Dalam ajaran filosofis Plato, dualisme antropologis dapat ditemukan, sebuah konsep yang berawal dari premis bahwa manusia akan terdiri dari tubuh, terkait dengan Dunia Orang yang Berakal, dan jiwa, yang memiliki hubungan dengan Dunia ide-ide.
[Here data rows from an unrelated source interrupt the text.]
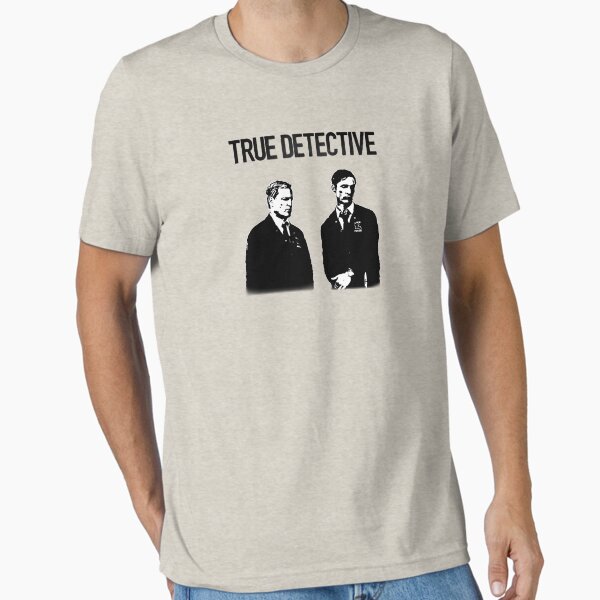 Vista previa del artículo con la obra «True Detective - Cohle y Hart», diseñado y vendido por EvaEV.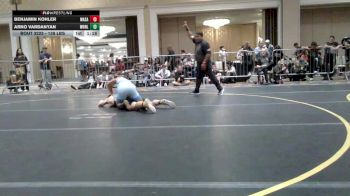 138 lbs Semifinal - Benjamin Kohler, Wasatch WC vs Arno Vardanyan, World Team Training Center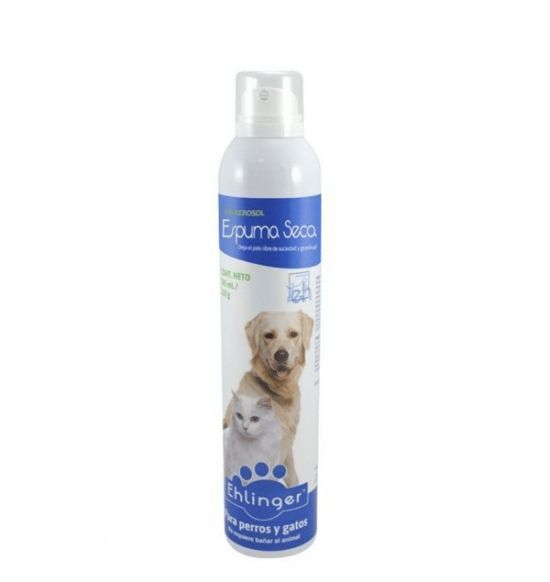 Ehlinger Shampoo Espuma Seca Perros Y Gatos 330 Ml-1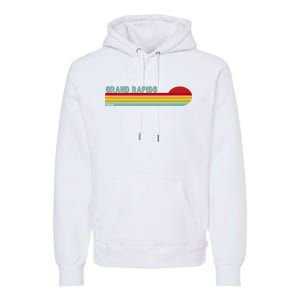 Grand Rapids Retro Michigan Premium Hoodie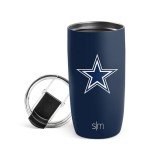 Simple Modern Officially Licensed NFL Dallas Cowboys 16oz Travel Coffee Tumbler with Flip Lid | Stainless Steel Cup | Football Gifts for Men, Women | Voyager Collection | Dallas Cowboys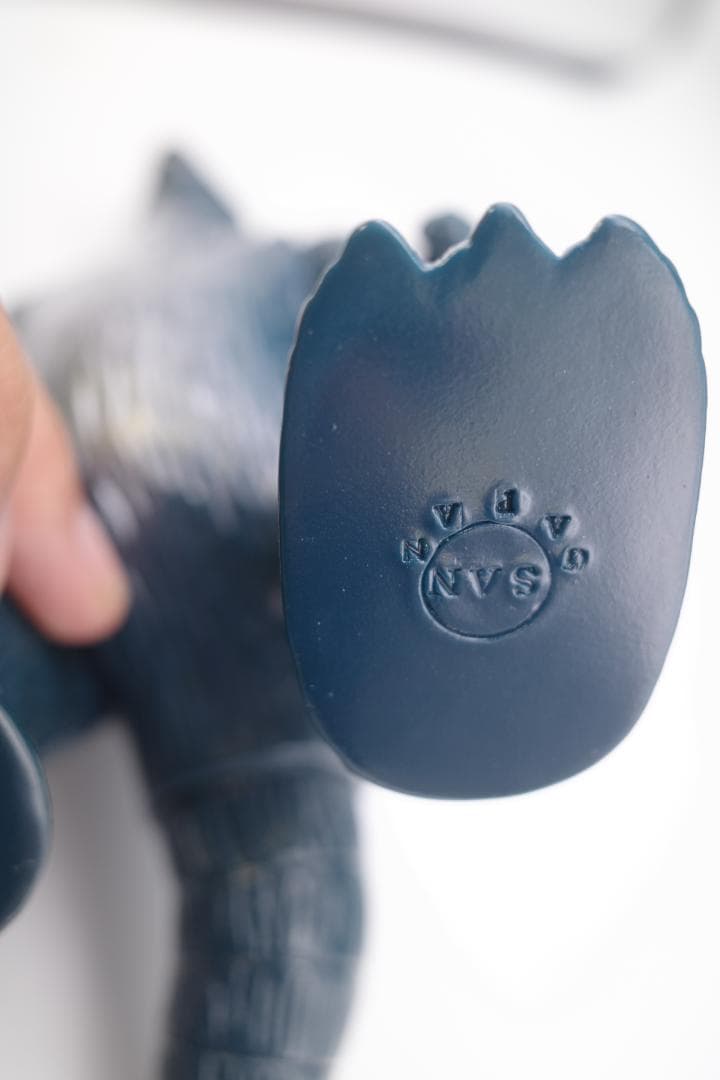 ゴジラ 水中形態 マルサン ソフビ　美品　1989年製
Dengan ini dan melihat tubuh sebagai, asal saja, asal mula kejahatan, yang juga bodoh, Plato menyatakan bahwa ia berfungsi sebagai semacam penjara bagi jiwa dan yang terakhir benar-benar asing bagi proses inkarnasi yang dilaluinya. Ini, pada dasarnya, dapat direduksi menjadi fakta bahwa jiwa akan bertentangan dengan tubuh, mewakili kebaikan, kebijaksanaan dan gagasan.

Dalam pengembangan konsepnya, Plato menjelaskan bagaimana jiwa adalah bagian ilahi dari keberadaan ; apa yang sebenarnya dilakukan manusia terhadapnya. Ini memiliki kualitas yang kekal, yaitu tidak diubah, dengan cara apa pun, oleh pengembaraan di mana tubuh ditemukan dan abadi. Tubuh, dari bagiannya, sejak lahir dianggap bisa berubah, ia fana; untuk ini dikaitkan semua kejahatan (atau yang dulu dianggap kejahatan di era klasik), seperti keterlibatan cinta, ketidaktahuan, permusuhan, dan pertengkaran.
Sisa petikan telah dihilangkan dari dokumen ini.